Specialised health services commissioned by NHS England.
Specialised services commissioning documents
- The Operating Model for Specialised Services Commissioning
The new operating model for commissioning specialised services sets out how a single, national system ensures patients are offered consistent, high-quality services across the country.
- The Commissioning Intentions for 2013/14
Commissioning intentions have been published annually by the NHS and detail the basis of contracting for the coming year. This year, for the first time, there is a single set of nationally consistent intentions for a discrete range of clinical services. They underpin the new system set out in the operating model and, together, these documents ensure that delivery, quality and access for all prescribed specialised services is standard across the country.
- Frequently asked questions
- Key messages for the NHS CB Regions and the Local Area Teams
Since April 2013, NHS England has had responsibility for directly commissioning all prescribed specialised services. ‘Prescribed’ specialised services are those ‘tested’ against the four factors in the Health and Social Care Act 2012 as suitable for commissioning by NHS England. The four factors are:
- The number of individuals who require the provision of the service or facility;
- The cost of providing the service or facility;
- The number of people able to provide the service or facility; and
- The financial implications for Clinical Commissioning Groups (CCGs) if they were required to arrange for the provision of the service or facility
- The Manual
The manual is a technical document describing the 143 prescribed specialised services. Some elements of these are to be directly commissioned by NHS England and some are to be commissioned by CCGs. It gives details of each service to be commissioned and a rationale as to why a service is to be commissioned by NHS England and not by CCGs.
- Identification Rules
The identification rules (IRs) are the means by which specialised activity will be identified and captured by providers of prescribed specialised services. The IRs enable providers to separate specialist activity from standard inpatient and outpatient activity, and therefore which services are being commissioned by NHS England and which by the CCGs.
- Identification Rules for Trust Information Managers
The introduction of the identification rules for prescribed specialised services activity will, for some provider organisations, require operational changes to enable the accurate collection and identification of data. This document has been written to provide tailored support and guidance to trust information managers, in particular to share some of the knowledge gathered in the testing phase of the IRs and hopefully minimise any potential disruption that this reporting change may impose.
We would welcome any feedback, via our online survey, which providers and commissioners in particular may have about the manual and/or the identification rules. We will collate all feedback and use it to inform future iterations of these documents.
Clinical Advisory Group for Prescribed Services
- Next steps on the Clinical Advisory Group’s recommendations for specialised services
- Frequently asked questions
Registration for chairs and clinical membership of the 2013 Clinical Reference Groups
The NHS England Medical Directorate has opened registration for membership of the 2013 Clinical Reference Groups (CRGs) which support directly commissioned specialised services. A guide to CRGs, aimed primarily at clinical staff, provides background information about the CRGs, and an introduction to the work programme for the groups for the coming year. Recruitment is now open for chairs and clinical members.

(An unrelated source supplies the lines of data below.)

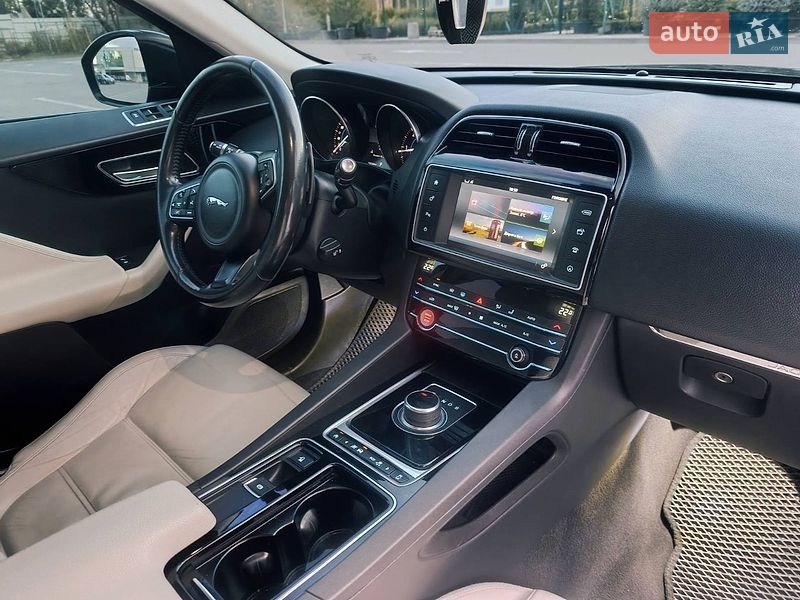 Внедорожник / Кроссовер Jaguar F-Pace 2016 в Чернигове фото 17 Внедорожник / Кроссовер Jaguar F-Pace 2016 в Чернигове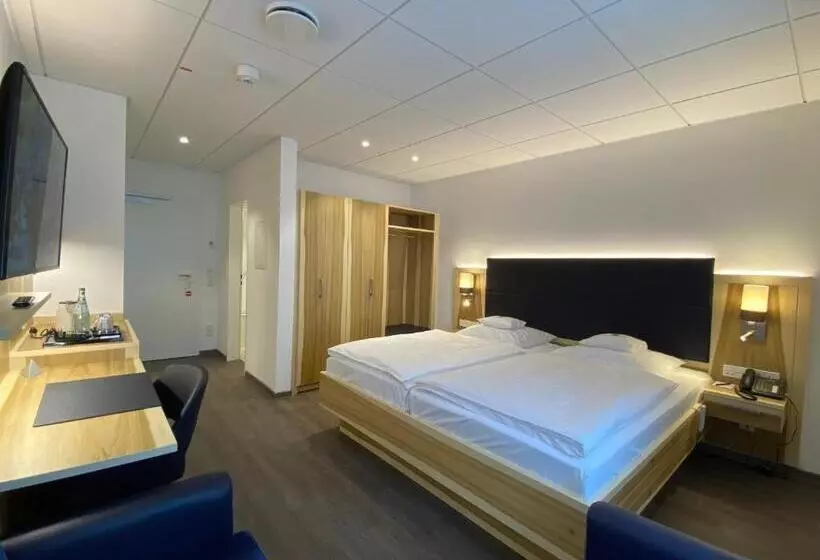 Standard Room, Wieting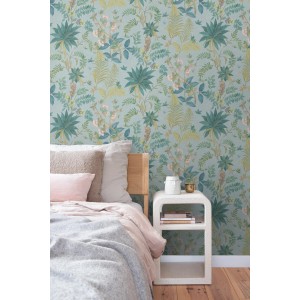 Dekorative Vliestapete mit tropischen Blättern in Blau, Grün, Gelb. Botanisches Muster für Schlafzimmer.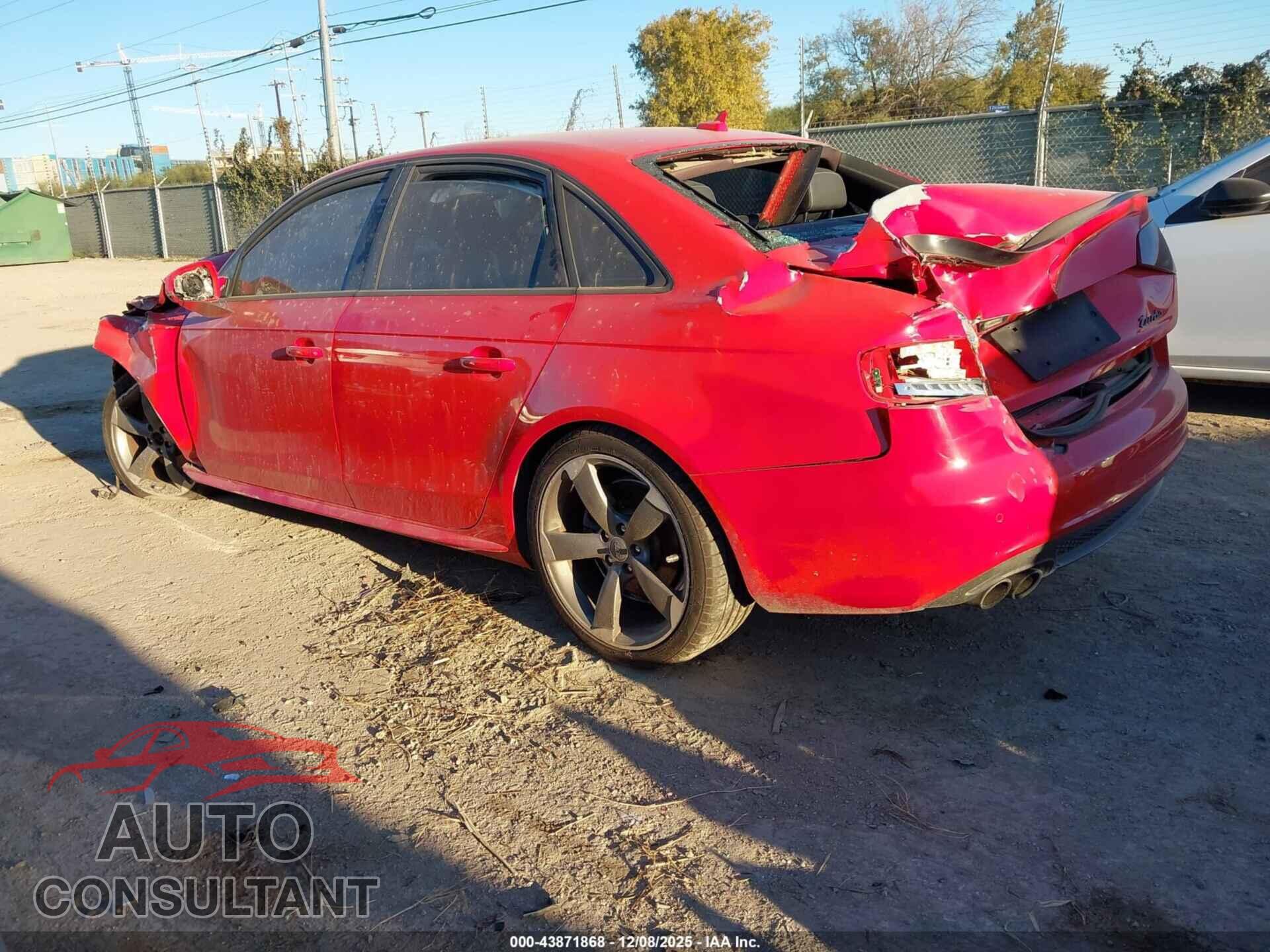 AUDI A4 2012 - WAUKFAFL0CN001667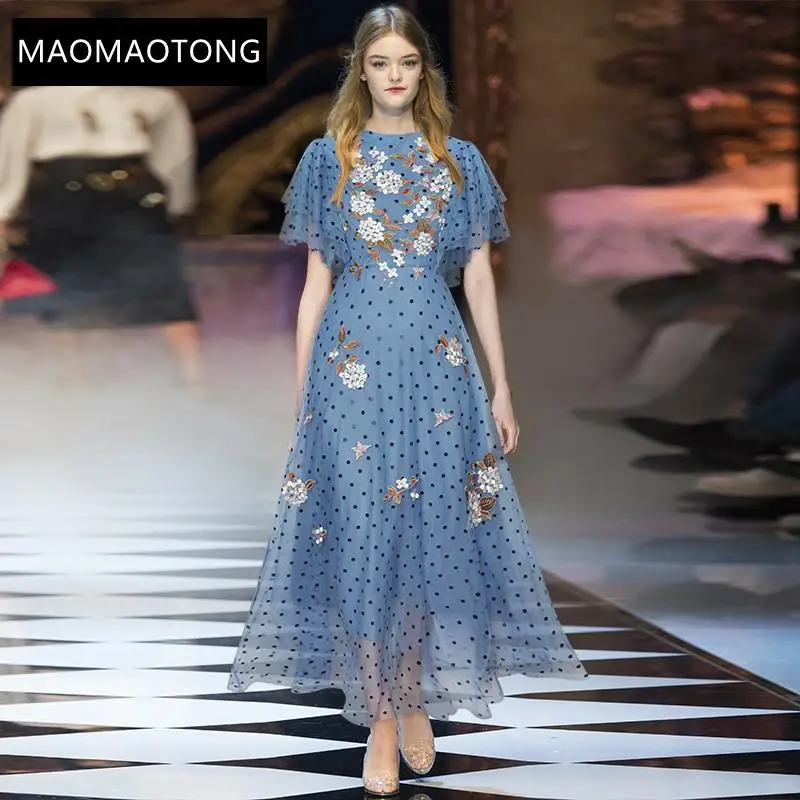 2021 Fashion Runway Summer Elegant Mesh Dress Women Blue Butterfly Sleeve Polka Dot Embroidery Vintage Party Long Dress
2021 Fashion Runway Summer Elegant Mesh Dress Women Blue Butterfly Sleeve Polka Dot Embroidery Vintage Party Long Dress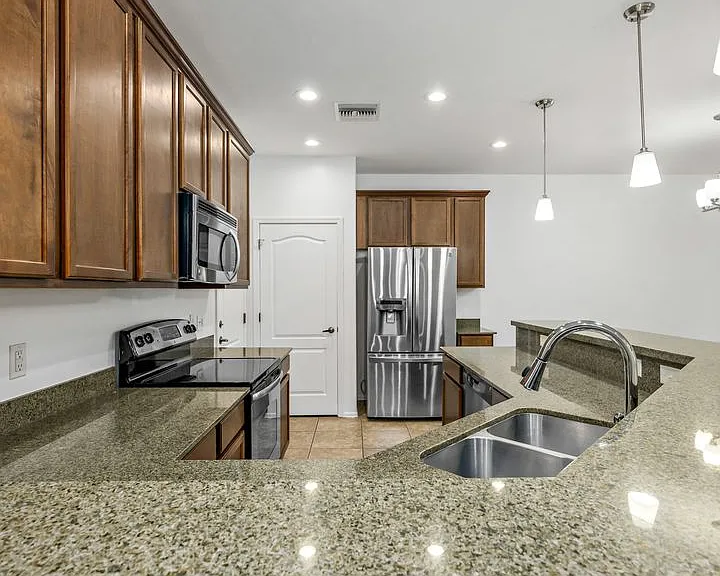 4261 N Golden Ridge Ln — Photo 8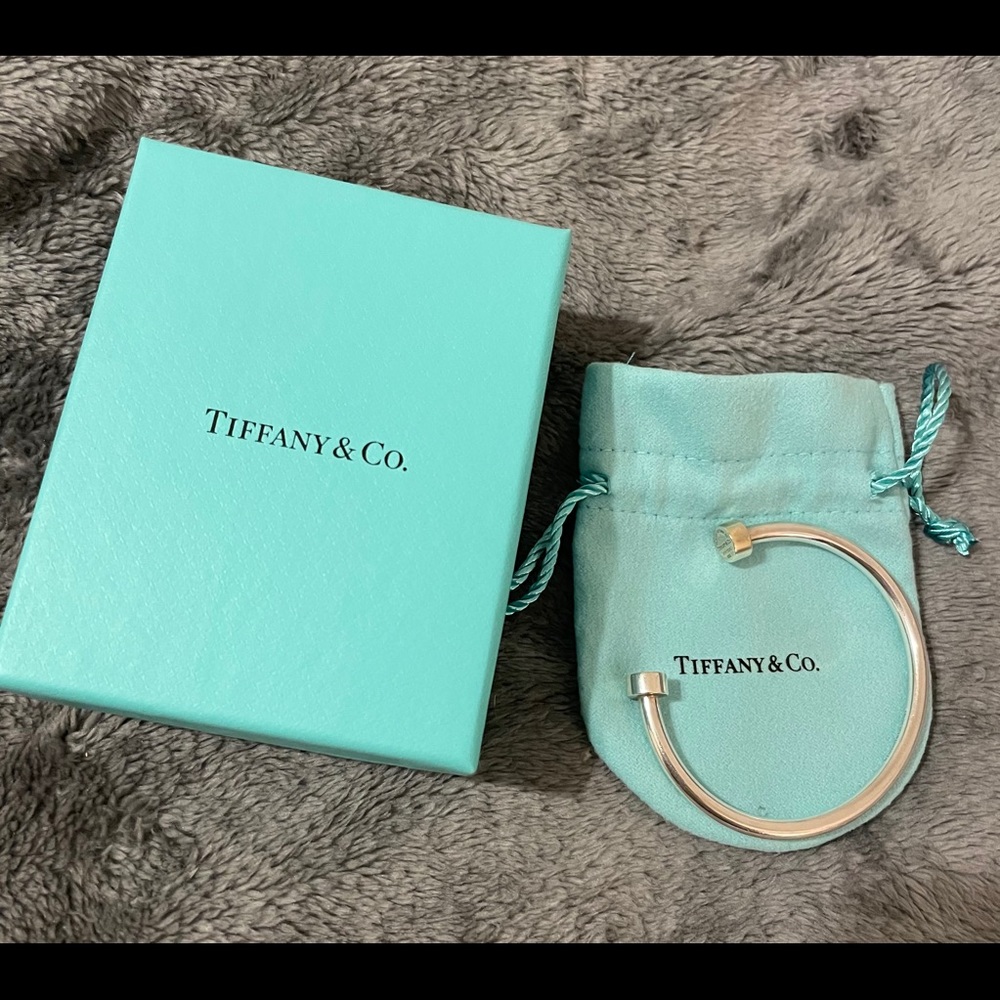 Return to Tiffany round cuff bracelet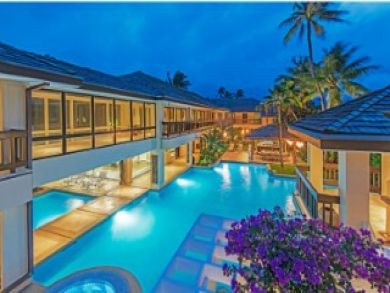 Luxury Kailua Vacation Home Sleeps Twenty Guests.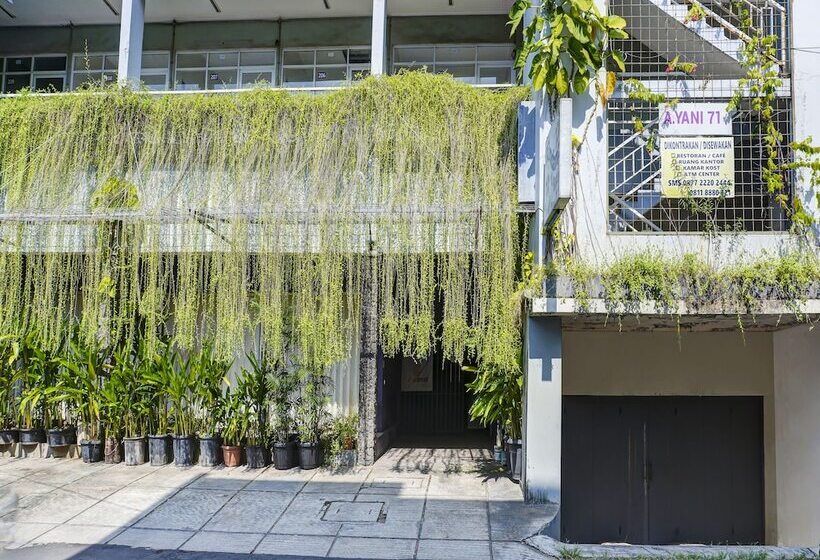 هتل Spot On 91205 Rindang Guesthouse Syariah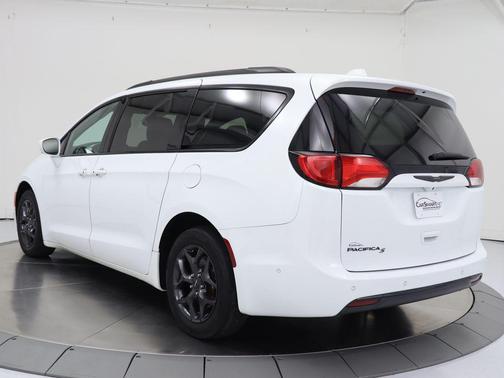 2018 Chrysler Pacifica Touring-L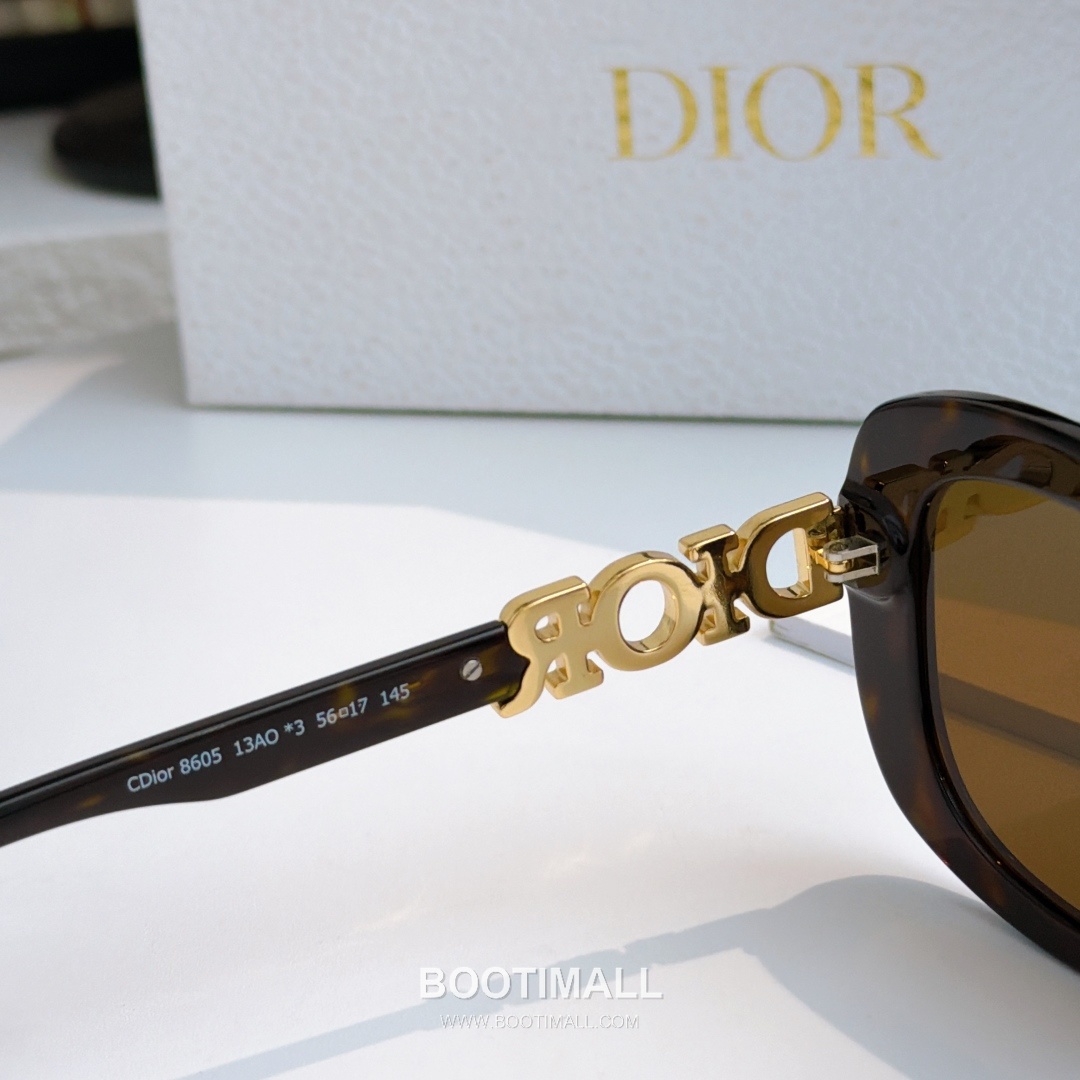 Dior Dio Star Ring Metal, Cubic Zirconia Silver 디올 디오 스타 링 메탈, 큐빅 지르코니아 실버 145cm 6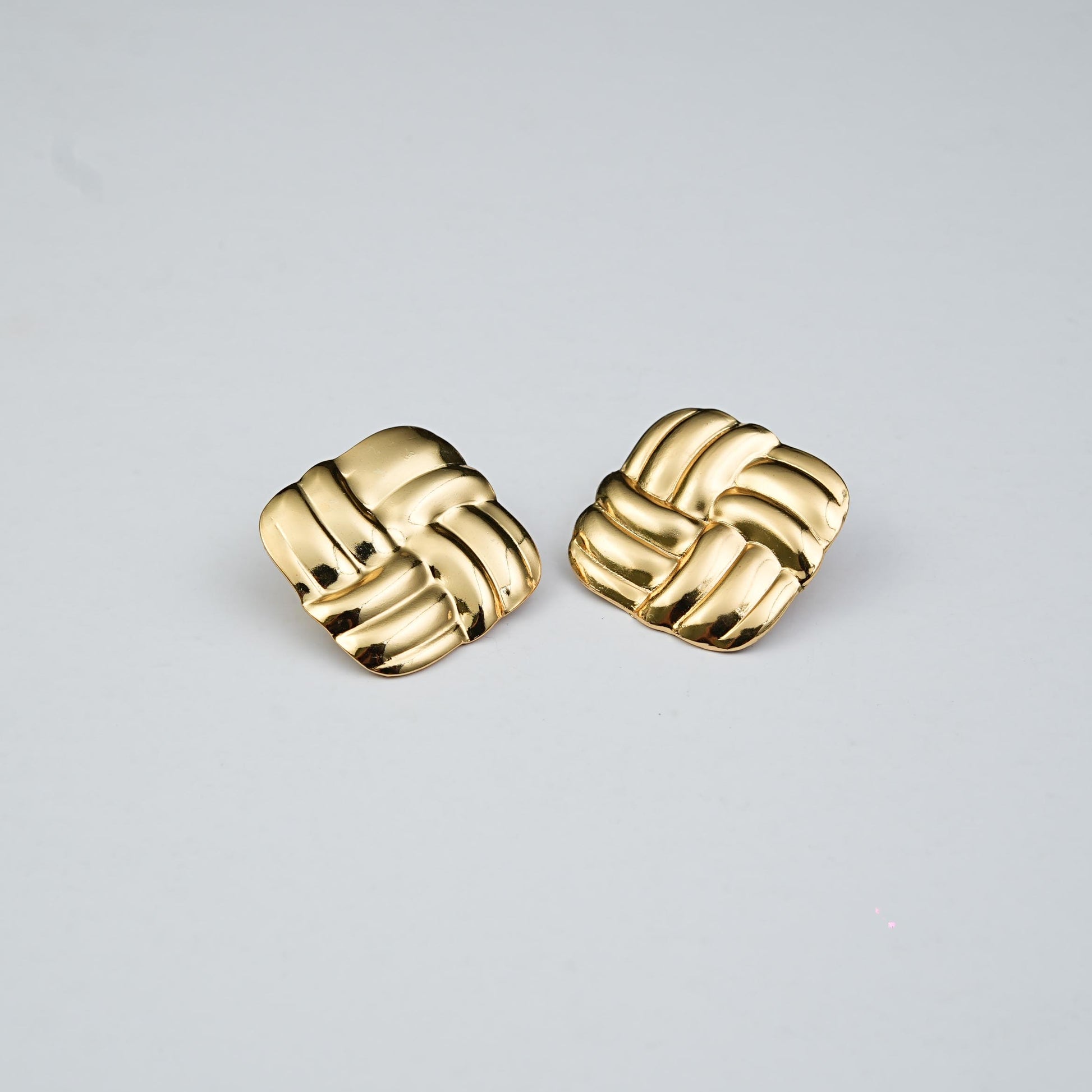 Tide Rippled  Stud earrings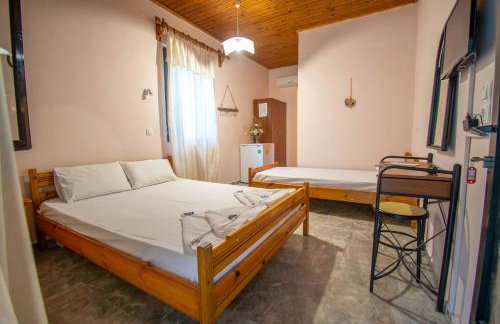 Asmanis Rooms - Photo 26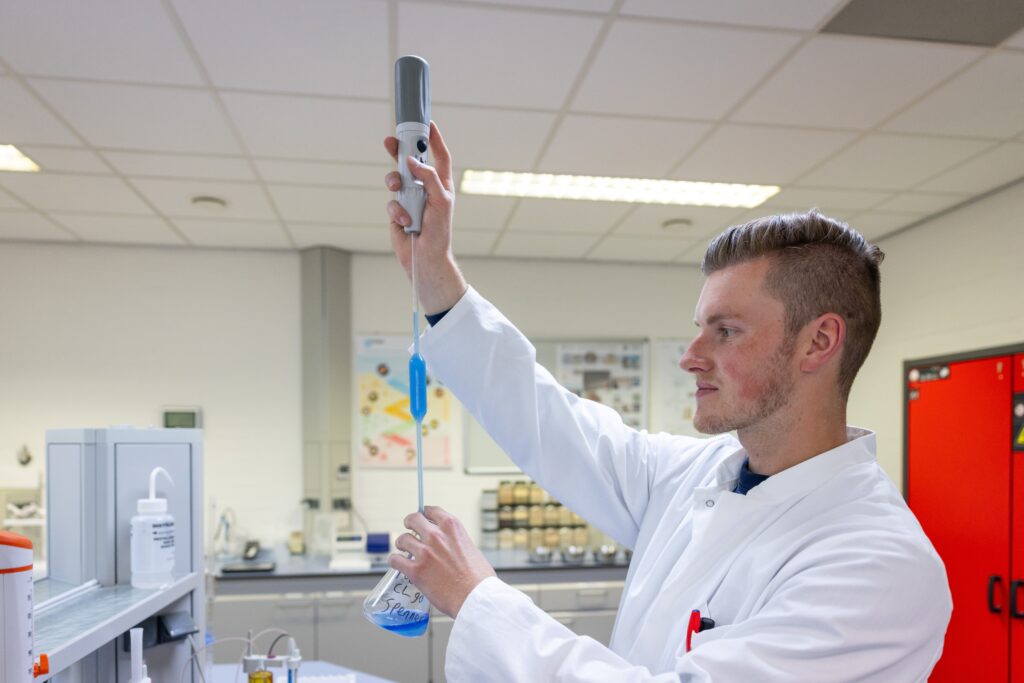 Jesmer in laboratorium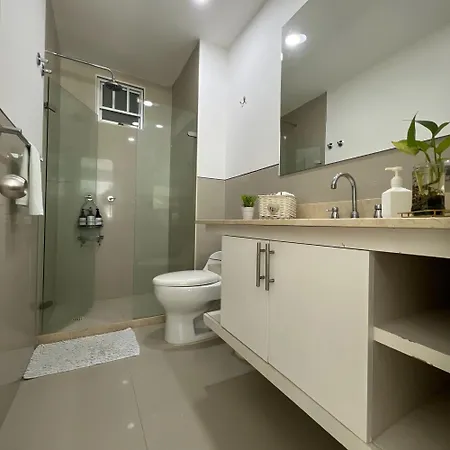 Beachfront Paradise 2br Pools & Direct Access * Cartagena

There will be further recruitment of non-clinical members.
- Clinical Reference Groups for specialised services: A guide for clinicians
- Clinical Reference Groups membership page
Consultation on service specifications and clinical policies
All patients requiring treatment from a specialised service are to have access to the same standard of service and the same clinical policy wherever they live. The nature and extent of this specialised care was subject to a consultation by the NHS Commissioning Board, now NHS England. This consultation is now closed.
Clinical commissioning policies for specialised commissioning
New, nationally consistent clinical commissioning policies for specialised services have been published. These policies have been informed and shaped by the views of patients, carers, the general public and wider stakeholders collated during a short consultation which ran from December 2012 to February 2013.
See the final versions of the policies, which have been adopted by NHS England.
National Programmes of Care and Clinical Reference Groups
NHS England is working with a range of stakeholders at a national level to determine the outcomes expected for specialised services. This will be achieved through the development of clinical strategies set out within five national Programmes of Care (PoC) which group together the prescribed (nationally agreed range of) specialised services. These strategies will enable the commissioning of services to be based on clear evidence and ensure that they are cost effective and patient focussed. The five national PoCs are:
- Internal Medicine - digestion, renal, hepatobiliary and circulatory system
- Cancer and Blood - infection, cancer, immunity and haematology
- Mental Health
- Trauma - traumatic injury, orthopaedics, head and neck and rehabilitation
- Women and Children - women and children, congenital and inherited diseases
Specialised services Clinical Reference Groups (CRGs) have been established to cover the full range of specialised services within these national PoCs.
CRGs bring together representatives including clinicians, commissioners, Public Health experts and the patients and carers who use the relevant specialised services. Together the members form a group which can advise with authority and expertise about a particular area of specialised healthcare. Members are volunteers who have a particular interest, knowledge or experience of a specific area of specialised healthcare and wish to contribute to its development.